ABS Sector: A Safe Haven From The Market Turmoil

by: Tortoise

ABS sector offers a compelling safe haven from the market turmoil with a combination of high quality, short maturity, strong liquidity and attractive yields.

The case for ABS starts with the sector’s positive fundamentals.

Time tested support of ABS structure a key positive.

The outlook for the financial markets has turned cloudier over the past couple of weeks. Investors seeking an alternative from the gloom of recent markets, should look at the asset-backed securities (ABS) sector, an area within the fixed income market that we believe still has clear skies.

In our opinion, the ABS sector offers a compelling safe haven from the market turmoil with a combination of high quality, short maturity, strong liquidity and attractive yields. ABS is a unique fixed income asset class with the bonds secured typically by consumer-related collateral, such as auto loans, credit card receivables, or student loans. ABS is a developed market with approximately $700 billion in outstanding bonds and over $200 billion in gross annual issuance. The sector has historically provided attractive risk adjusted returns and yields range between 3.0% and 3.5% depending on the asset type, maturity and rating.

The Case for ABS Starts with the Sector’s Positive Fundamentals

The collateral backing the securities continues to benefit from the overall strength of the U.S. economy and from healthy consumer finances. In particular, consumer credit trends are primarily influenced by the strength of the labor markets, which have added close to 2.4 million jobs over the past year and the unemployment rate hit a 48-year low of 3.8%. Record increases in consumer net worth from stock gains and home price appreciation also support consumer fundamentals. In addition, the recent tax cuts should provide additional disposable income to service consumer debt. Lastly, although absolute consumer debt levels have been gradually rising, measures like debt-to-income and the debt-service ratio, highlight the healthy state of consumer balance sheets. Unlike during the financial crisis, the lending excesses in today’s economy appear concentrated on corporate rather than the consumer balance sheets.

Time Tested Support of ABS Structure a Key Positive

Despite the positive fundamental picture, we have seen some increases in delinquencies and charge-offs across the ABS collateral types. This modest deterioration in credit trends warrants monitoring, but in general is coming off historically low levels, remains within underwriting expectations and importantly is supported by the robust structural protections with the ABS securitization.
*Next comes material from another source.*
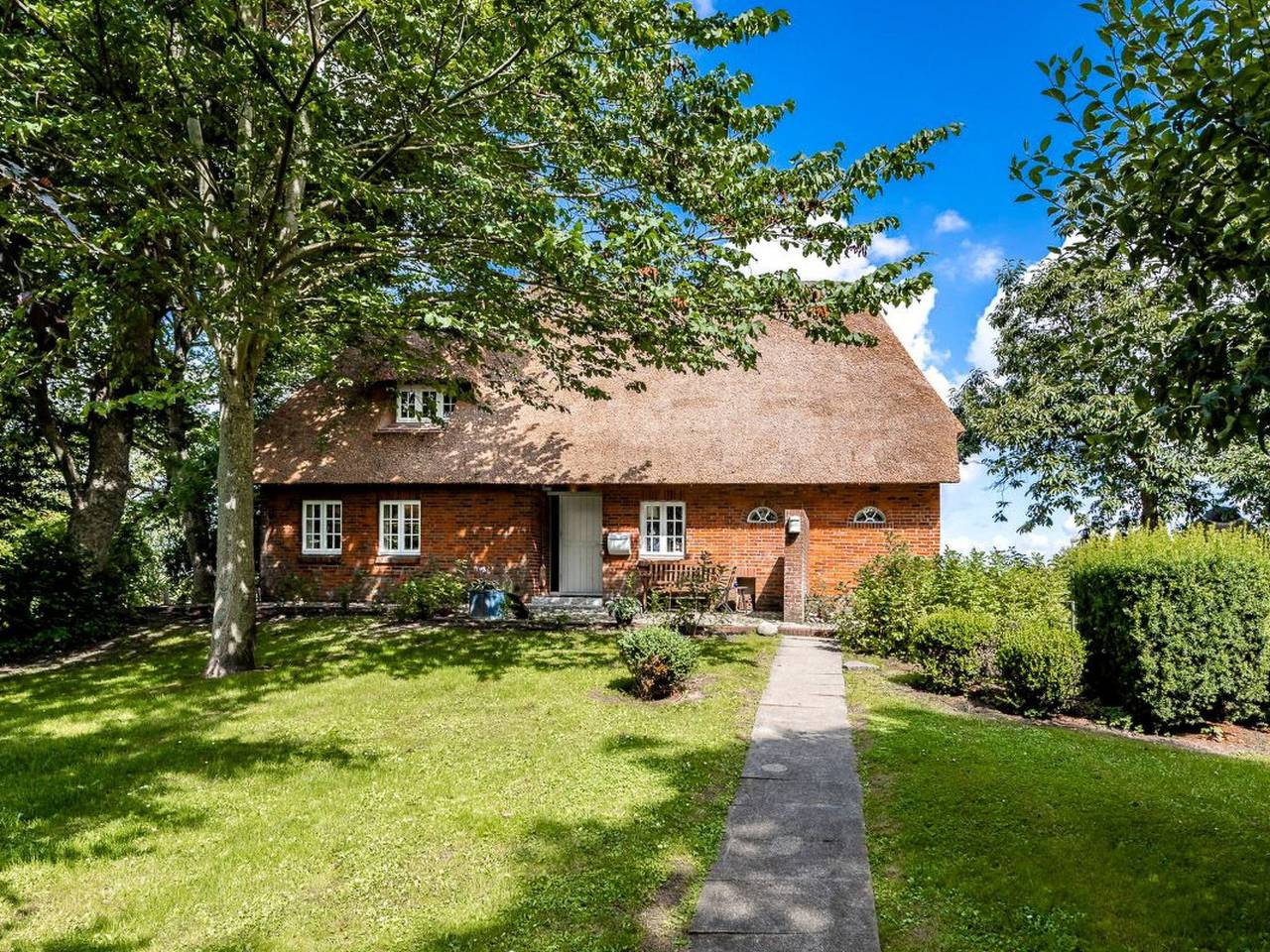 Reetdachhaus inmitten von Wiesen und Feldern in Emmelsbüll-Horsbüll, Nordfriesland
The strength and time tested support provided by the ABS structure is a key positive factor for the sector, even in the face of some softening in the underlying credit trends. Consumer ABS structures held up extremely well through the very stressful great recession period. Even in the much maligned subprime auto sector, bonds rated AAA and AA experienced no principal loss during the crisis and investment grade bonds, according to Moody’s, have a historical impairment rate of only 0.1%. The bond structures utilize robust credit enhancement and deal triggers to protect investors against potential principal loss and redirect cash flows if credit trends deteriorate.

As the outlook for the financial markets becomes cloudier, we believe the ABS sector with its high quality, short maturities and attractive yields is a solid choice to ride out the storm.

Disclaimer: Nothing contained in this communication constitutes tax, legal, or investment advice. Investors must consult their tax advisor or legal counsel for advice and information concerning their particular situation. This article contains certain statements that may include “forward-looking statements.” All statements, other than statements of historical fact, included herein are “forward-looking statements.” Although Tortoise believes that the expectations reflected in these forward-looking statements are reasonable, they do involve assumptions, risks and uncertainties, and these expectations may prove to be incorrect. Actual events could differ materially from those anticipated in these forward-looking statements as a result of a variety of factors. You should not place undue reliance on these forward-looking statements. This article reflects our views and opinions as of the date herein, which are subject to change at any time based on market and other conditions. We disclaim any responsibility to update these views. These views should not be relied on as investment advice or an indication of trading intention.

Past performance is not indicative of future returns.

Disclosure: I/we have no positions in any stocks mentioned, and no plans to initiate any positions within the next 72 hours. I wrote this article myself, and it expresses my own opinions. I am not receiving compensation for it. I have no business relationship with any company whose stock is mentioned in this article.